What to produce: Without the pictures, write the listing below out again, line for line.

Exercise input:
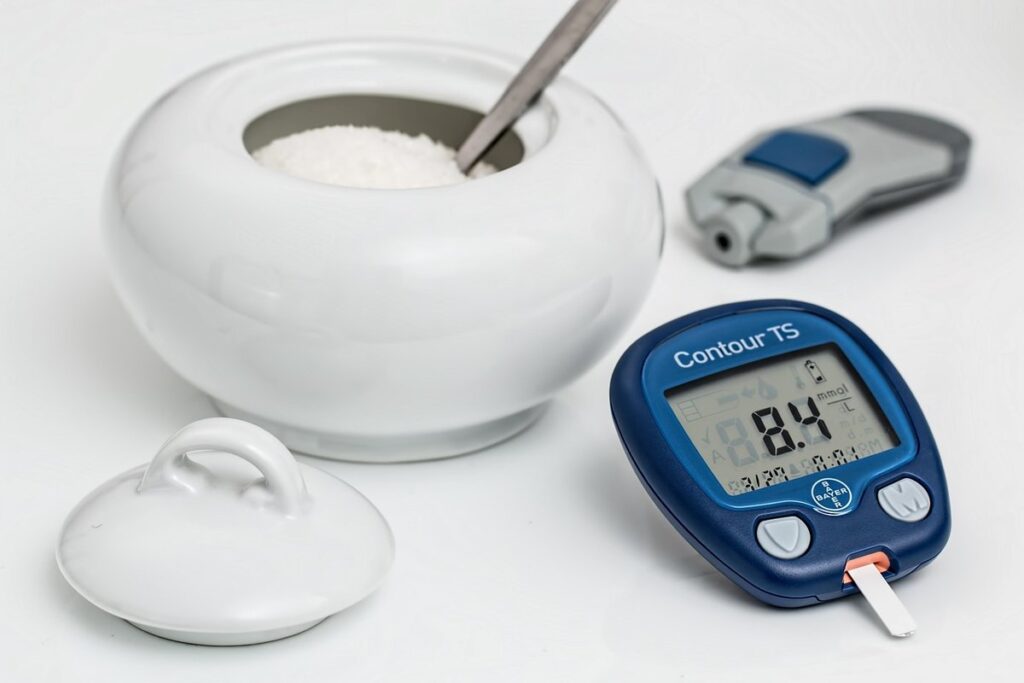 Cat blood sugar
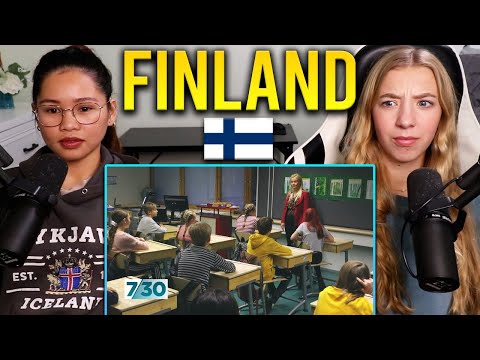 American Girls React to Why Finland Schools Outperform American Schools!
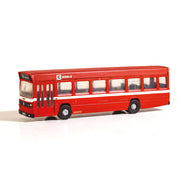 5142 - PECO Modelscene - OO/HO - Red Leyland National, Single Decker Bus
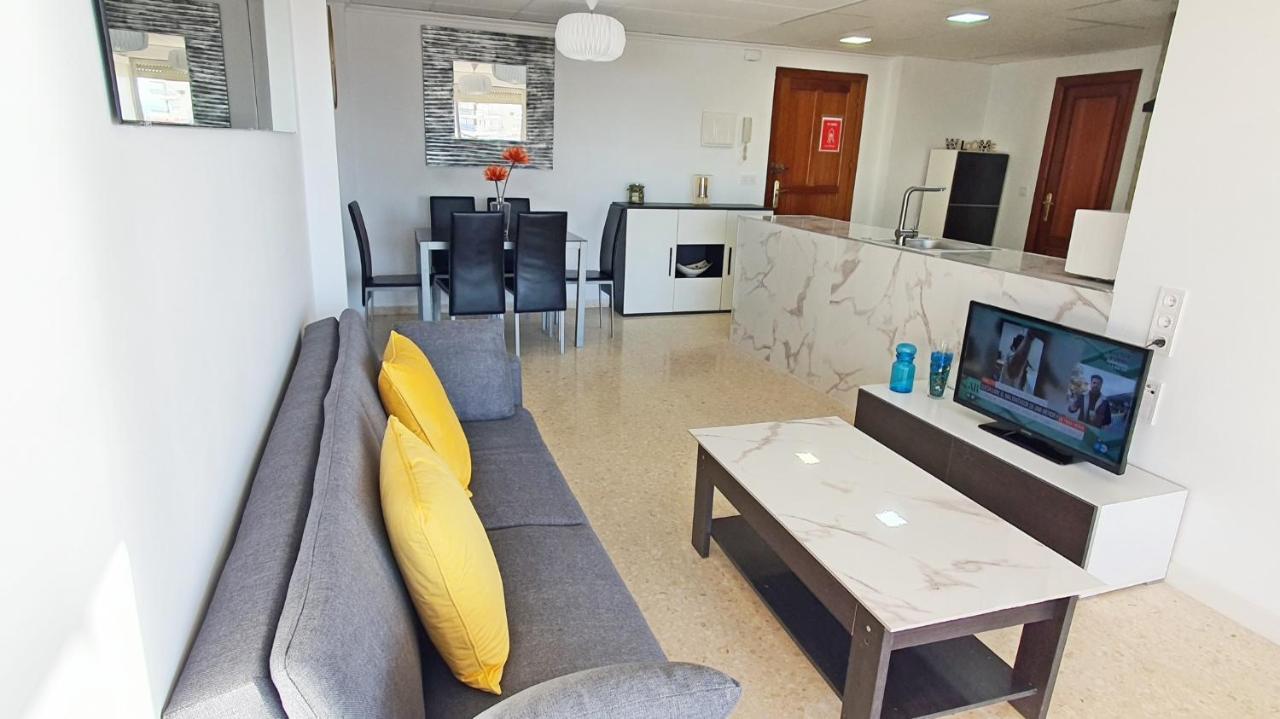 Ferienwohnung Torre Del Mar Gandia - Playa de Gandia Exterior foto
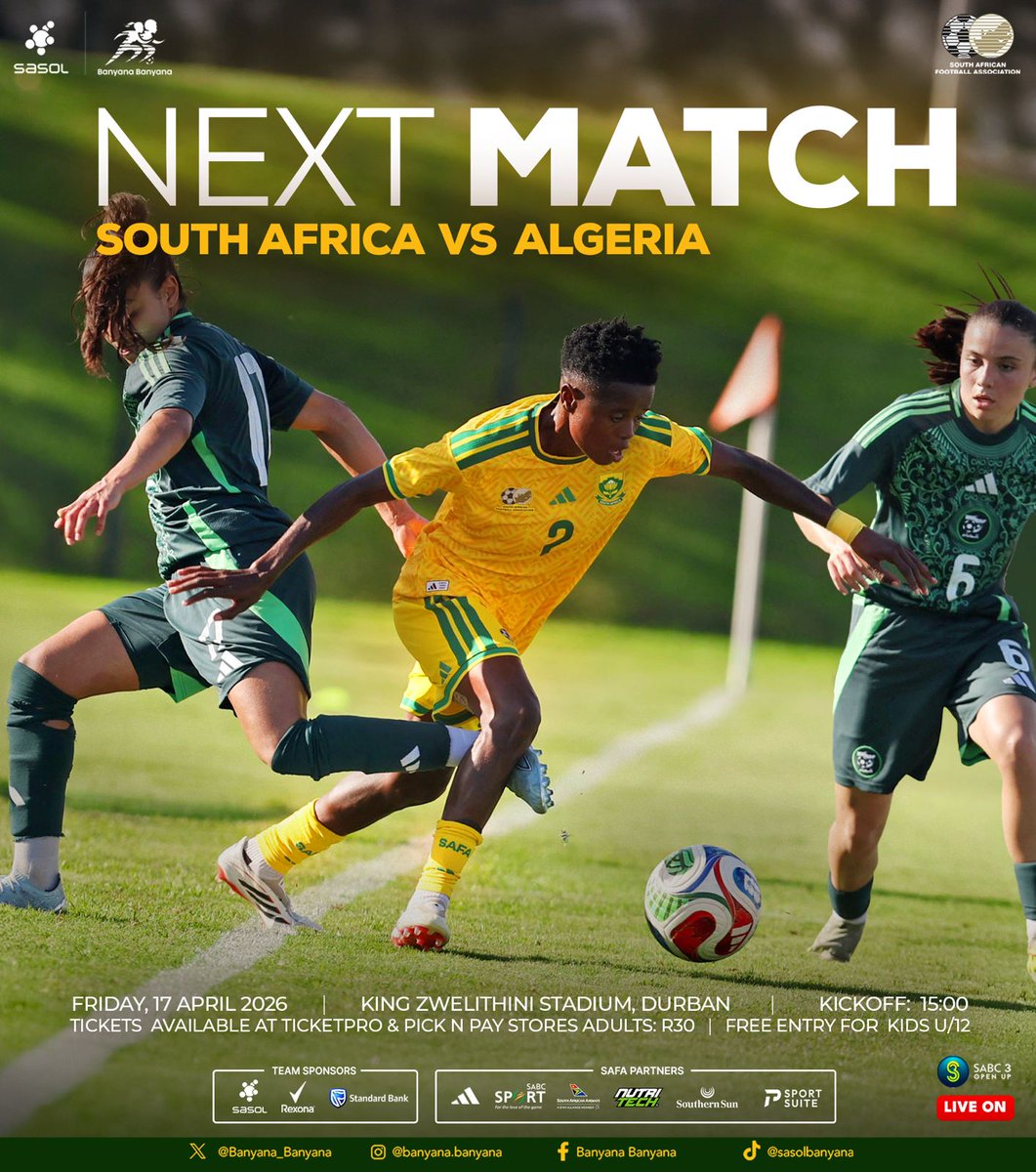 Sasol Banyana Banyana tweet media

Output of the task:
 Cat blood sugar
 American Girls React to Why Finland Schools Outperform American Schools!
 5142 - PECO Modelscene - OO/HO - Red Leyland National, Single Decker Bus
 Ferienwohnung Torre Del Mar Gandia - Playa de Gandia Exterior foto
 Sasol Banyana Banyana tweet media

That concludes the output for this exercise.